Has standard 2.0 USB as Full Speed inside (USB Function has 32 End Point)
Has Circuit to connect with Dot-Matrix LCD with circuit to adjust its contrast by using 16 PIN Connector.
Has RS232 Communication Circuit by using 2 Channel.
Has SD/MMC card connector circuit by using SSP.
Has EEPROM interface using I2C.
Has PS2 keyboard interface.
All port pins are extracted externally for further interfaces.

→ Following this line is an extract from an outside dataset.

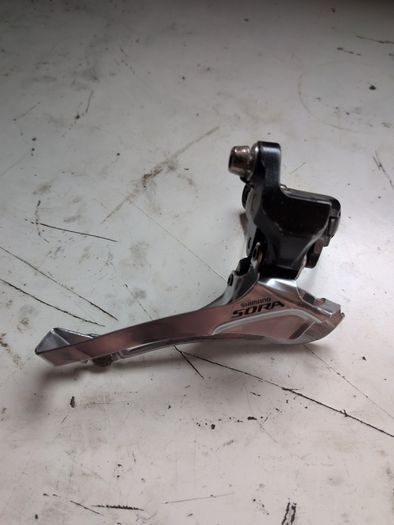 Shimano Sora groupset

What is Zigbee and who all are involved?
Zigbee is a low power spin off of WiFi. It is a specification for small, low power radios based on IEEE 802.15.4 – 2003 Wireless Personal Area Networks standard. The specification was accepted and ratified by the Zigbee alliance in December 2004. Zigbee Alliance is a group of more than 300 companies including industry majors like Philips, Mitsubishi Electric, Epson, Atmel, Texas Instruments etc. which are committed towards developing and promoting this standard. The alliance is responsible for publishing and maintaining the ZIgbee specification and has updated it time and again after making it public for the first time in 2005. Most of the recent devices conform to the Zigbee 2007 specifications has two feature sets– Zigbee and Zigbee Pro. The manufacturers which are members of the Alliance provide software, hardware and reference designs to anyone who wants to build applications using Zigbee.

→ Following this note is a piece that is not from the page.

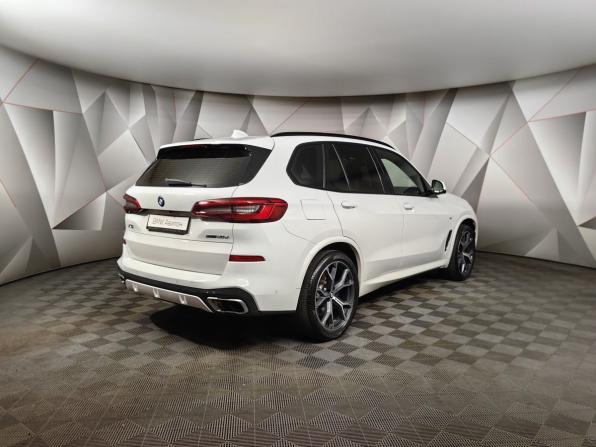 BMW X5 IV (G05/G18) с пробегом 2018 года, цена 6 330 000 рублей, 80623 км, внедорожник, Автокод Объявления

Many years ago, when Bluetooth technology was introduced, it was thought that Bluetooth would make WiFi redundant. But the two coexist quite well today, so do many other Wireless standards like WirelessHART and ISA100.11a. Then why would we need another WPAN standard like Zigbee? The answer is, the application focus of Zigbee Alliance - low cost and low power for energy efficient and cost effective intelligent devices. Moreover, Zigbee and Bluetooth have different application focus. Despite of all their similarities, and despite the fact that both are based on the IEEE 802.15 standards, the two are different in technology as well as scope. Bluetooth is made with mobile phones as its centre of universe enabling media transfer at rates in excess of 1 Mbps while Zigbee is built with emphasis on low data rate control system sensors featuring slower data of just 250 kbps.
Zigbee Networks
Zigbee devices can form networks with Mesh, Star and Generic Mesh topologies among themselves. The network can be expanded as a cluster of smaller networks. A ZigBee network can have three types of nodes: Zigbee Coordinator (ZBC), Zigbee router (ZBR) and Zigbee End Device (ZBE) each having some unique property.